Information shown -
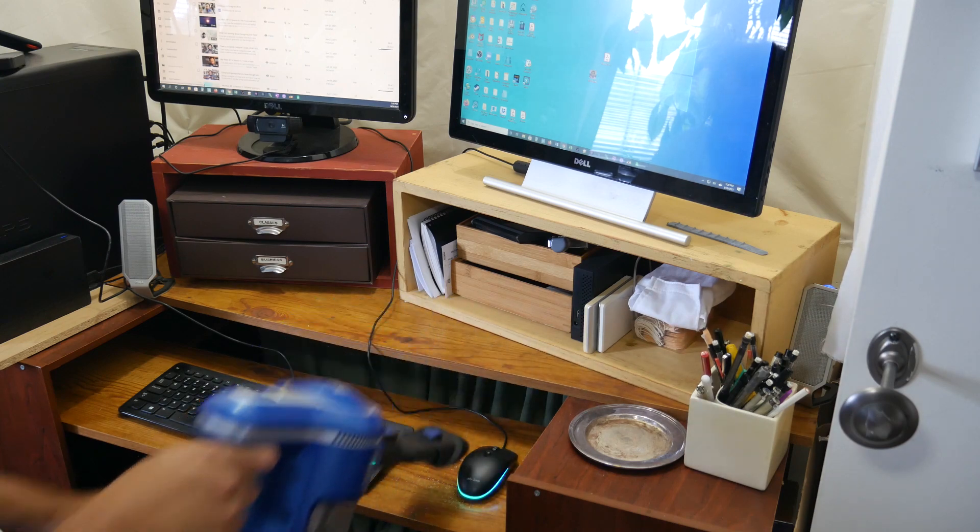It does everything my upright vacuum can do and it's lightweight. If you've been following the channel, you know mom broke her arm — a severe break — and one thing she couldn't do was vacuum. You'd think we'd use the robot vacuum, but her dog does not care for it at all. And the upright Shark still has a cord which is a tripping hazard, and it has some weight to it.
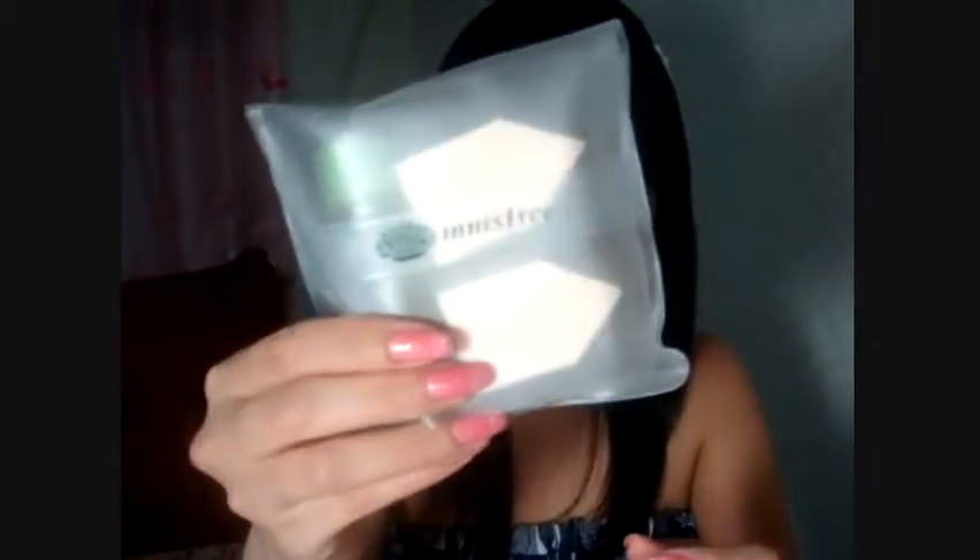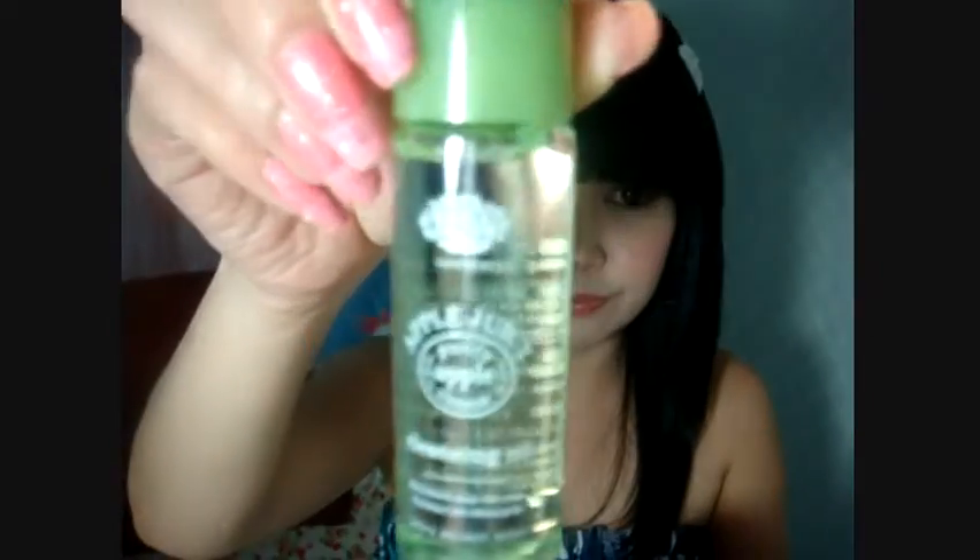They also gave me some samples — they gave me this cleansing oil, their Apple Juicy Cleansing Liquid Foaming Cleanser. They gave me two of those and also their Green Tea Pure Sleeping Pack. I also got a cotton pad for free.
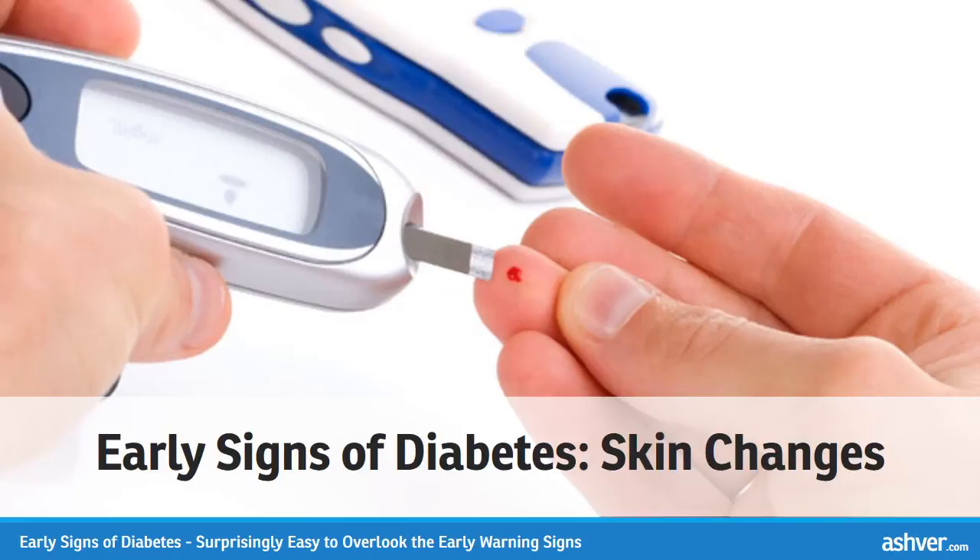Dry and itchy skin can be caused by yeast infections, dry skin, or poor blood circulation. Yeast infections of the skin, particularly candidiasis, are relatively common in diabetics. Examples are thrush and erosio interdigitalis blastomycetica, a candidal infection seen in the webbing between the fingers. Women with type 2 diabetes are more susceptible to vaginal yeast infections. Poor healing of cuts and scrapes is caused by poor circulation, immune system deficiencies, and nerve damage in people with long-standing diabetes.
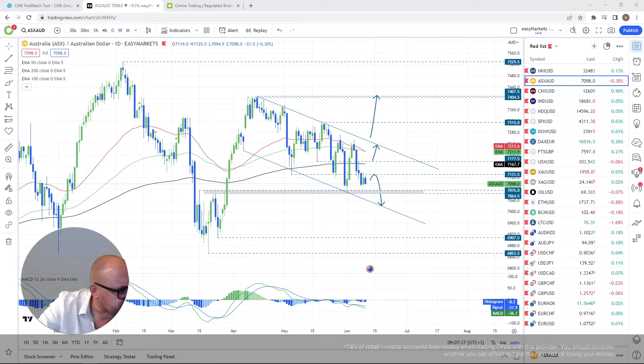Similar to Nikkei, the ASX reaction could come on US news, but let's not forget Australian data itself. Australia doesn't have much aside from unemployment numbers on Thursday. It's New Zealand that'll be in the spotlight with its GDP numbers on Thursday, so we may see some reaction in ASX 200 too.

About this task - What you return should be the exact lines from the one containing "Dry and itchy" through the end of the listing above, both included, minus any pictures.

Response to the exercise -
Dry and itchy skin can be caused by yeast infections, dry skin, or poor blood circulation. Yeast infections of the skin, particularly candidiasis, are relatively common in diabetics. Examples are thrush and erosio interdigitalis blastomycetica, a candidal infection seen in the webbing between the fingers. Women with type 2 diabetes are more susceptible to vaginal yeast infections. Poor healing of cuts and scrapes is caused by poor circulation, immune system deficiencies, and nerve damage in people with long-standing diabetes.
Similar to Nikkei, the ASX reaction could come on US news, but let's not forget Australian data itself. Australia doesn't have much aside from unemployment numbers on Thursday. It's New Zealand that'll be in the spotlight with its GDP numbers on Thursday, so we may see some reaction in ASX 200 too.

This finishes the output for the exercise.